Antonia Riera, propietaria del Restaurante Cala Salada, lamenta que las limitaciones de tráfico no hayan acabado con esta venta ilegal. Además, asegura que, con el nuevo sistema, ha cambiado el tipo de personas que visita esta cala. «La gente que puede bajar andando es, mayoritariamente, gente joven que puede pegarse la caminata». A pesar de ello, señala que sigue yendo mucha gente aunque el poder adquisitivo de los clientes del restaurante han disminuido.

Antonia es una de las que opina que el Ayuntamiento de Sant Antoni debería habilitar un mayor número de plazas de aparcamiento. «Hay que darle un poco más de facilidad a los turistas» y apunta el «peligro» de que las personas vayan por la estrecha carretera que va desde la barrera a la playa.

Uno de los clientes que está sentado en una de las mesas del restaurante le da la razón.

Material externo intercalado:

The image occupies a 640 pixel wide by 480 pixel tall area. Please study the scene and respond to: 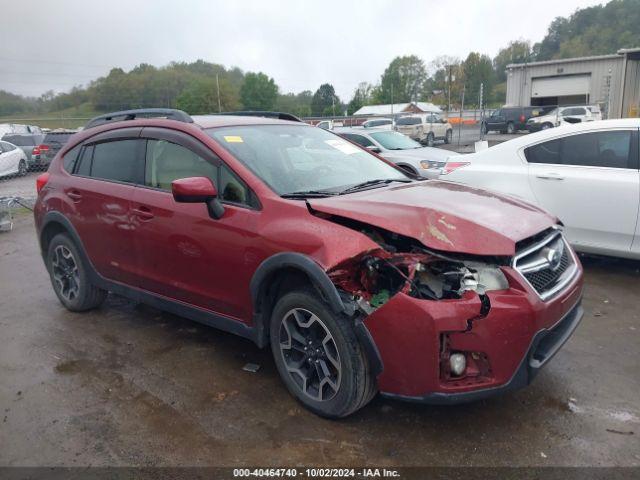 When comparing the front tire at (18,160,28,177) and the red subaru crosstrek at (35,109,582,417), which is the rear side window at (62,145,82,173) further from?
the front tire at (18,160,28,177)

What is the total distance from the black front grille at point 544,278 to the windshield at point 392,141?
8.84 metres

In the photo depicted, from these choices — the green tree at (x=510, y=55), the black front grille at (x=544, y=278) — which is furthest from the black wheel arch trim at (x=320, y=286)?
the green tree at (x=510, y=55)

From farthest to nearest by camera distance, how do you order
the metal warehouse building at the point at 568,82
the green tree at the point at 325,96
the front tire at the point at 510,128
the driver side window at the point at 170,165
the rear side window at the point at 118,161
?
the green tree at the point at 325,96
the metal warehouse building at the point at 568,82
the front tire at the point at 510,128
the rear side window at the point at 118,161
the driver side window at the point at 170,165

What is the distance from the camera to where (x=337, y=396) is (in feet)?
9.80

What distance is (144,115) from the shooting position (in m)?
4.60

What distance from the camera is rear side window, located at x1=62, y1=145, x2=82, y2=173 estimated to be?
16.2ft

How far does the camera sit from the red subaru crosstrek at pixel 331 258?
2.70m

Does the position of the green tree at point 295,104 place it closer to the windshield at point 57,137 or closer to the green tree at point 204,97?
the green tree at point 204,97

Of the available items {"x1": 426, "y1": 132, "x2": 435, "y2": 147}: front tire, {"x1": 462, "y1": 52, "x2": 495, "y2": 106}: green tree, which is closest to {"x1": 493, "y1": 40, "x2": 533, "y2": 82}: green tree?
{"x1": 462, "y1": 52, "x2": 495, "y2": 106}: green tree

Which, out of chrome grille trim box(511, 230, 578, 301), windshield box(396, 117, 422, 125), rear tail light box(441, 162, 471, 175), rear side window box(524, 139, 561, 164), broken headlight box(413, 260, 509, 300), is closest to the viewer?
broken headlight box(413, 260, 509, 300)

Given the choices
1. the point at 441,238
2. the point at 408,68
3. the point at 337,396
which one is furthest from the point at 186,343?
the point at 408,68

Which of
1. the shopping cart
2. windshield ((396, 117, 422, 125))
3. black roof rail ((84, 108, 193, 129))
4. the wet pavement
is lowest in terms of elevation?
the wet pavement

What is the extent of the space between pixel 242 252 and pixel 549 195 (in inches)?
148

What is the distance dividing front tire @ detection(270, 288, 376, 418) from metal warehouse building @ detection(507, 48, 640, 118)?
1377 inches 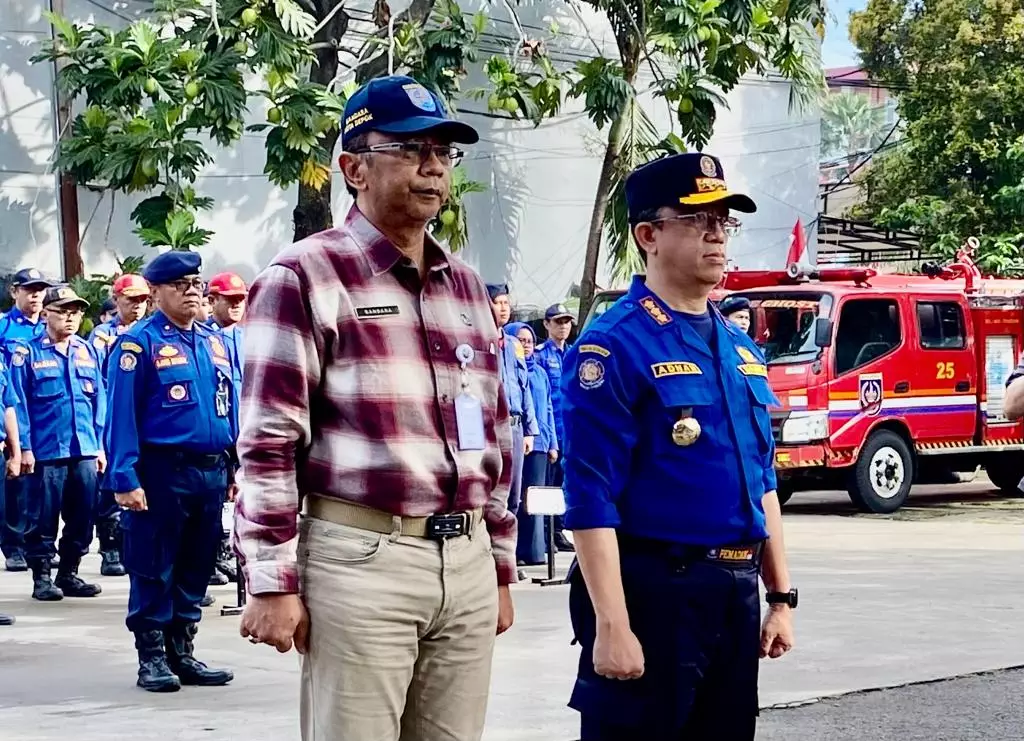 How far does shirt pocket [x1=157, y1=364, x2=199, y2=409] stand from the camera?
759 cm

Considera que tendrían que habilitar un solar municipal que hay junto al primer acceso y ubicar la parada de autobús en la zona de los arcos para facilitar que la gente vaya en coche hasta allí y luego solo tenga que bajar en autobús ese tramo de carretera.

Toni Marge, el vigilante de seguridad que está junto al aparcamiento legal, situado a escasos metros de la playa, admite que se han detectado varios fallos. «Los primeros días no había barrera y muchos coches intentaban colarse». También cree que debería construirse una rotonda en el primer control para evitar que los conductores que no pueden entrar tengan que hacer marcha atrás.

Respecto al balance de este mes que el sistema lleva en funcionamiento lo tiene claro: «Mucha gente cabreada pero los residentes, encantados».